▶ [Data]:

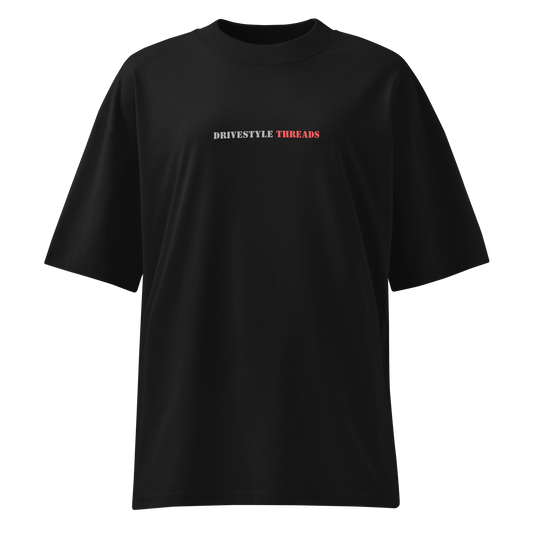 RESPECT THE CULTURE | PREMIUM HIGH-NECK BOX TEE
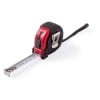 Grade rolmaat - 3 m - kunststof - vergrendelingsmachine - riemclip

...

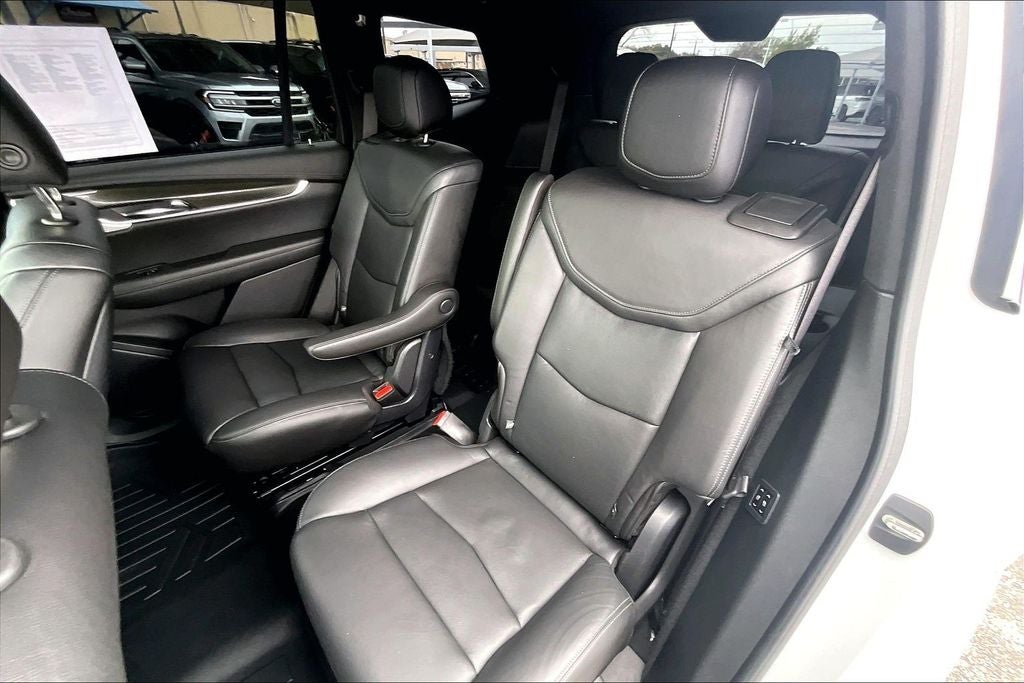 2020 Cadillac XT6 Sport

▶ [Task directions]: The lines above from the line with "RESPECT THE CULTURE" through the line with "Grade rolmaat - 3" are to be given again word for word, with no pictures among them.

▶ [Answer space]:
 RESPECT THE CULTURE | PREMIUM HIGH-NECK BOX TEE
 Grade rolmaat - 3 m - kunststof - vergrendelingsmachine - riemclip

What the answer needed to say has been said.